"Guter Zeitpunkt": EZB-Direktorin bringt Eurobonds erneut ins Spiel
Neue Dynamik in der Schulden-Debatte: EZB-Direktorin Isabel Schnabel plädiert dafür, die Diskussion über gemeinsame EU-Anleihen wieder aufzunehmen – knüpft ihre Zustimmung jedoch an klare Bedingungen.

Eckpunkte:
- Isabel Schnabel will erneut über Euro-Bonds diskutieren
- Das Moral-Hazard-Problem müsse aber gelöst werden
EZB-Direktoriumsmitglied Isabel Schnabel hat erklärt, es sei ein "guter Zeitpunkt", die Debatte über gemeinsame Schuldenaufnahme der Europäischen Union wieder aufzunehmen.

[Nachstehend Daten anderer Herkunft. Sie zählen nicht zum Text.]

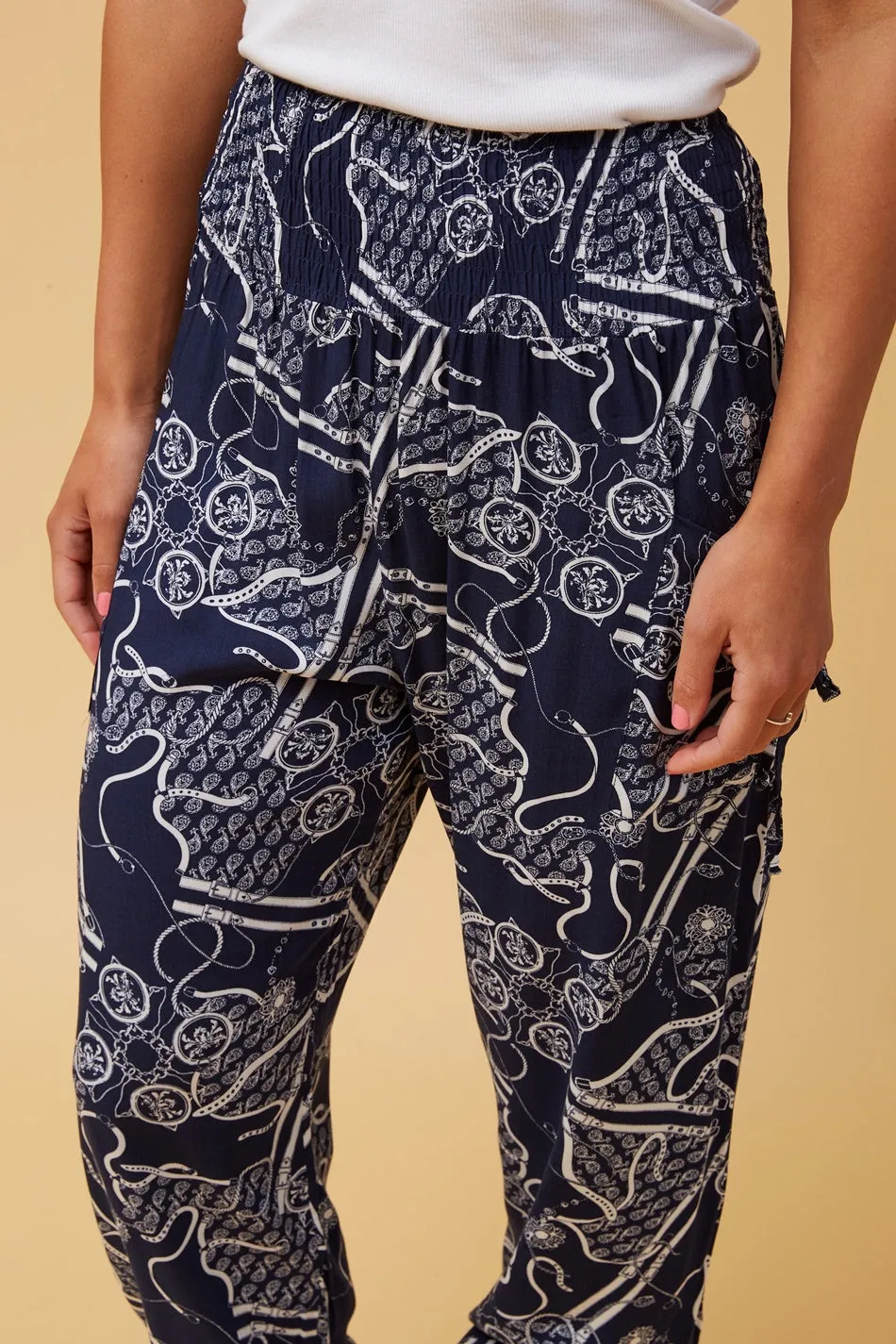 ABSTRACT PRINT BOHO HAREM PANTS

Die deutsche Notenbankerin sagte bei einer Podiumsdiskussion in Washington, es sei "vollkommen logisch", europäische öffentliche Güter über gemeinsame Schulden zu finanzieren. Zuvor müssten jedoch die wirtschaftliche und militärische Stärke des Staatenbundes ausgebaut werden.

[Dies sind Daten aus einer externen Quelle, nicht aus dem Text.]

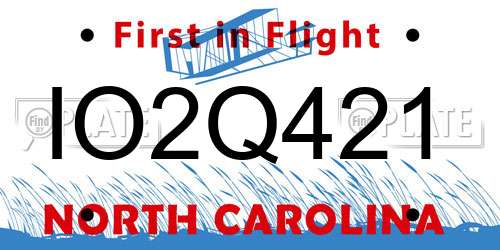 IO2Q421 North Carolina License Plate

Veränderte geopolitische Lage
"Wir hatten eine ähnliche Diskussion vor etwa 15 Jahren, und viele Vorschläge wurden gemacht, diskutiert und am Ende verworfen", sagte sie am Donnerstag (16.4.). "Aber die Welt hat sich verändert – und deshalb sollten wir darauf zurückkommen und es erneut diskutieren."
Vor dem Hintergrund nachlassender Unterstützung aus den USA unter Präsident Donald Trump bemüht sich Europa, seine Autonomie zu stärken. Dazu zählen Initiativen zur Modernisierung der Streitkräfte, zur Straffung der Wirtschaft und zur Stärkung der internationalen Rolle des Euro.
Unterstützung – aber auch Vorbehalte
Schnabel schließt sich mit ihrer Unterstützung für eine gemeinsame Schuldenaufnahme Bundesbank-Präsident Joachim Nagel an. Die Bundesregierung in Berlin zeigt sich jedoch bislang zurückhaltend gegenüber diesem Ansatz.
Zugleich äußerte Schnabel Vorbehalte gegenüber aktuellen Vorschlägen für gemeinsame Schulden. "In diesem Vorschlag gibt es keinen Mechanismus, um die Marktdisziplin durchzusetzen, die meiner Ansicht nach notwendig ist, um mit dem Moral-Hazard-Problem umzugehen", sagte sie. "Und ich denke, das ist ein Problem." (mb/Bloomberg)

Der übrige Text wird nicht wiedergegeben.